|At Sliding Rock near Brevard, NC|
The other day, I looked at the shaggy, sheepdog-headed Hank and said, "Do you want to get a haircut today?"
"No," he said.
"Well when do you want to?"
"The last day," he said.
"The last day of what?" I asked.
"The Last Day," he said.
Oh. Well, I am not dumb, I know that when the actual Last Day comes, it's going to be tough to get anything done, right? You show up somewhere and people are like, you just had to wait until the Last Day? Also, as a facebook friend pointed out, currency will be worthless on the Last Day. So I waited until the Last Day I could stand his hair, which was Sunday, and then we got it cut and it was fine. Turns out it didn't steal his essence or whatever the hecks. And then I got him a double cheeseburger.
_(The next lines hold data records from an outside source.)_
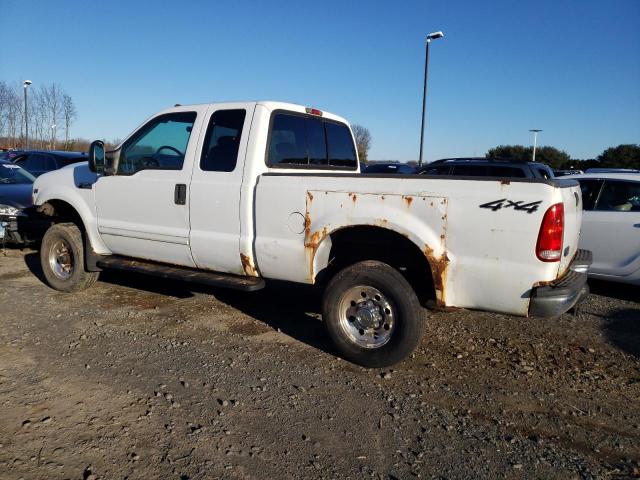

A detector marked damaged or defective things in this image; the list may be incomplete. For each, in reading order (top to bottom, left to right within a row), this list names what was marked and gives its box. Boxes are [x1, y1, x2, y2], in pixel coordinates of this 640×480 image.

rust damage [240, 253, 258, 276]
rust damage [422, 244, 452, 308]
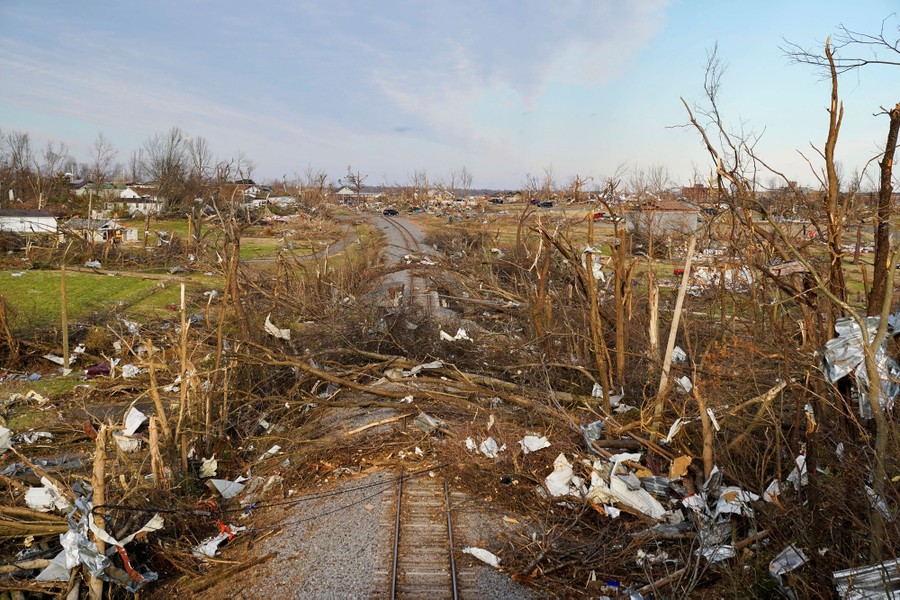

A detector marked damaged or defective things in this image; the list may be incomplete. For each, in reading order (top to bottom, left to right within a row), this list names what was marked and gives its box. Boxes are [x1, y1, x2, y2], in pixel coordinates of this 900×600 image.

crumpled metal sheet [820, 314, 900, 418]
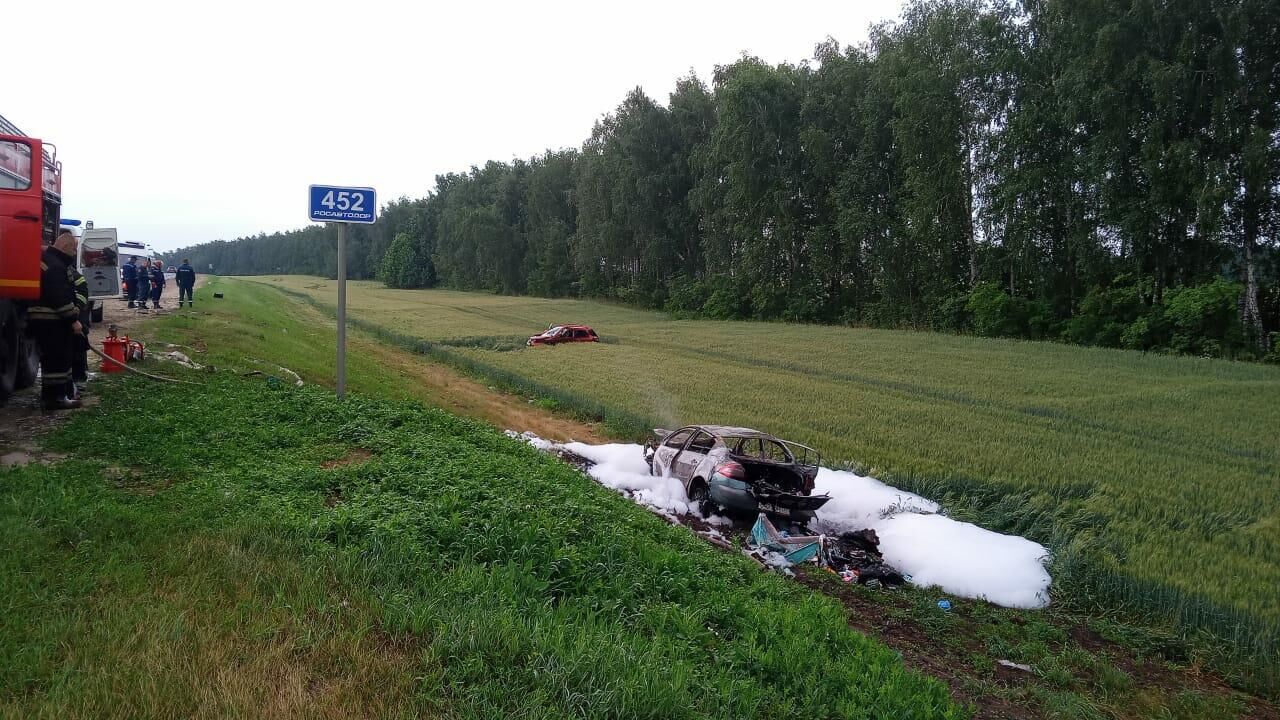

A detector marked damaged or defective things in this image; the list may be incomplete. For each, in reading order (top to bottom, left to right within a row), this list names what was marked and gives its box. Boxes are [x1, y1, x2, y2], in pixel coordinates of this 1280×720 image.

burned car [650, 422, 829, 517]
charred car body [650, 422, 829, 517]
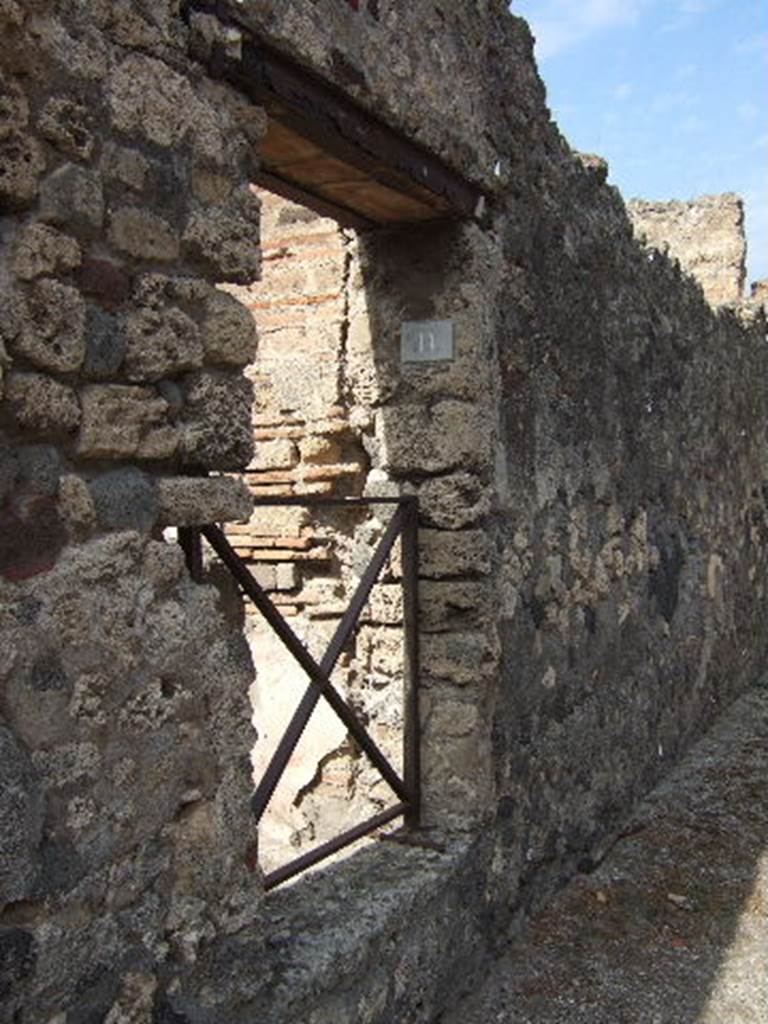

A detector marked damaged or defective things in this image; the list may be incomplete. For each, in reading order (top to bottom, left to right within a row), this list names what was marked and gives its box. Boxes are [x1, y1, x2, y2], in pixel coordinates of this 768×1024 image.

rusty metal bar [178, 528, 204, 585]
rusty metal bar [201, 520, 411, 815]
rusty metal bar [403, 491, 421, 827]
rusty metal bar [264, 802, 411, 892]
This afternoon, Hank came in from the school bus and brought his buddy in to play. Before they ran off, he came through the kitchen and said, "Mom, I wanted to say thank you for all the work you do for us around the house."
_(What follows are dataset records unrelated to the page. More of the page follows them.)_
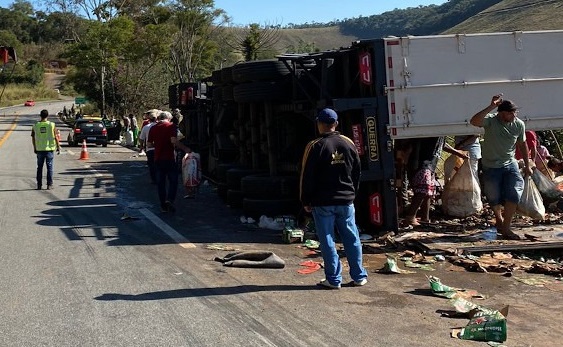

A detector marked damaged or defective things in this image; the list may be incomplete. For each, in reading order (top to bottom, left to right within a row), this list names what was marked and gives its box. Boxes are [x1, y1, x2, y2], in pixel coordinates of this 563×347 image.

overturned truck [169, 29, 563, 235]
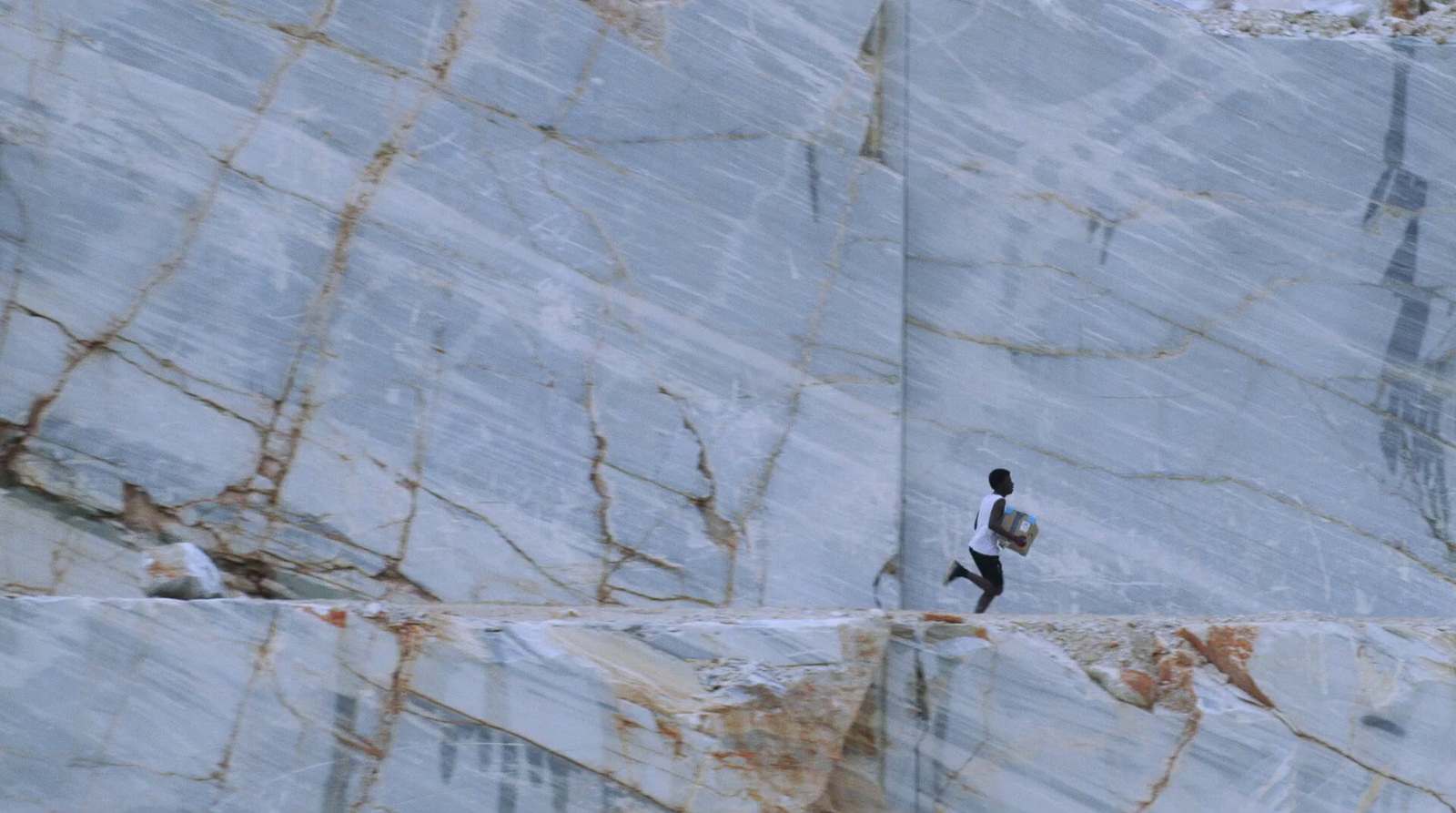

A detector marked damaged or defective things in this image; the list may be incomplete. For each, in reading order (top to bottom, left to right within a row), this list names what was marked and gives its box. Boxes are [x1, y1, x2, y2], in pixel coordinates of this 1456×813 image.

rusty vein streak [6, 0, 342, 457]
rusty vein streak [258, 0, 480, 503]
rusty vein streak [1128, 714, 1201, 812]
I said, "You are very welcome, bud. I love taking care of you." He nodded, like this answer did not surprise him. I wanted so badly to ask him, "Who or what put it into your head to say thanks to me?!?" But I did not want to invalidate or dishonor his impulse, you know? I wouldn't have asked another adult where he got the idea to say something nice. I wanted to give him full credit. So I did and I do.
Just now, at bedtime, I lay down in his bed for a minute and we had our hugging ritual. The ritual is called Hugging Time, and we hug while we sing "hugging time" to the tune of "Stepping Time" from Mary Poppins. I don't know, it's our thing. We sing one chorus that way and then he turns over and goes to sleep.
But tonight, after hugging, he said, with a sudden note of distress, "Mom, I'm afraid to go to school tomorrow. I did something really bad!"
Whoa. I didn't think it could be anything really bad, or I would have heard about it at least three ways before bedtime. But I said, "Well what was it?" He wouldn't tell me. He goes, "It's embarrassing! And I did it in front of fifth graders!" Okay, so then I'm like, did you fall down or something? And I'm imagining some farcical scene of slapstick mortification. But then he came out with it.
"I accidentally said who I have a crush on in front of the fifth graders! On the bus!"
"Okay," I said. "Well let me tell you a secret. Fifth graders are not interested in first graders or first grade things. They are only interested in fifth graders. They will not remember."
"How do you know?" he asked. "Because," I said, "I remember being a fifth grader and that's exactly how I felt."
"But," he probed further, skeptical. "When you were in fifth grade, did you ever hear any really good first-grade information?"
Like, this is premium intel, Mom. Really good first-grade information. Nobody could fail to take an interest in a tidbit of this significance.
So I said I would drive him to school in the morning.